Uso un’espressione ancora provvisoria, ma che mi aiuta a
puntare i piedi dritti su una questione. E’ possibile, alla luce dell’azzardo
di Syriza e di Podemos, «rompere il dispositivo politico keynesiano»? O, se
preferite: è possibile fare un «uso politico non-keynesiano del keynesismo»?
Si tratta di immaginare e di praticare nuove forme di
congiunzione tra lotta economica e lotta politica, capaci di riaprire spazi di
democrazia.
E’ stato correttamente osservato da Christian Marazzi che
nel passato la relazione salariale, e quindi la lotta sul salario, ha avuto la
forza di «comprendere la vita nella sua interezza». Perché oltre a riguardare
il momento diretto della produzione (quindi il potere interno ai luoghi di
produzione), gli aumenti salariali, attraverso il welfare beveridgiano,
assicuravano la formazione, il pensionamento e così diversi altri momenti della
vita.

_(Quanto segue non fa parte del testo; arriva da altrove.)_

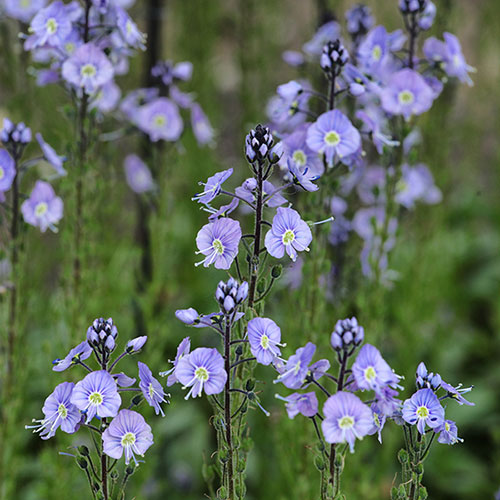 Gentian Speedwell Veronica gentianoides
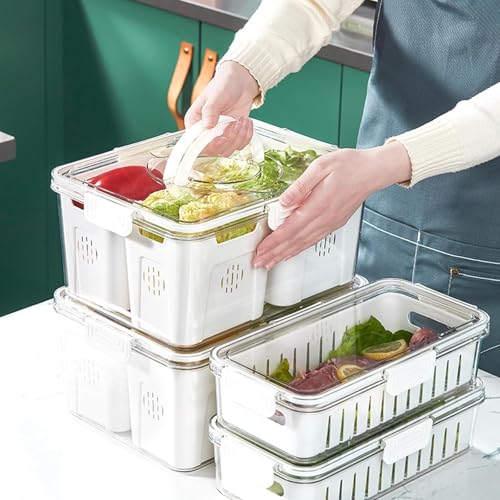 Image of Vasukie Divided Fridge Storage Boxes With 4 Serving Veggie Tray with Lid and Handle, Fridge Organizer with Removable 4 Compartment, Fridge Storage Containers (4 Large Compartment-1PC)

La rottura di questi legami, di queste «consequenzialità», deve suggerire
una nuova articolazione delle lotte.
La riapertura di un programma di politica fiscale espansivo,
dicevamo, deve incontrare la pressione della lotta sociale sul terreno del
reddito di base incondizionato, allo scopo di favorire nello spazio sociale
riproduttivo quanto c’è di comune nelle relazioni sociali. Allo stesso tempo,
questa rottura dall’alto relativa alla spesa pubblica deve incontrare la
sperimentazione di modelli di auto-organizzazione di servizi mutualistici nel
campo del welfare del comune. Sarebbe, quest’ultimo, un terreno concreto
di espansione e consolidamento di nuove istituzioni sociali, capaci di riaprire
contropoteri diffusi ed esperienze di democrazia diretta. E potrebbe, per
giunta, fare leva su prototipi che già si stanno dando in Grecia come quelli
della rete Solidarity for all, oppure in Spagna, nelle diverse esperienze
mutualistiche germinate dal 15-M. E’ in questo senso che intendo,
provvisoriamente, «rottura del dispositivo politico keynesiano». E se non fosse
ancora chiaro, la questione è quella di affinare nella concretezza di questa
fase storica le armi della critica dell’economia politica.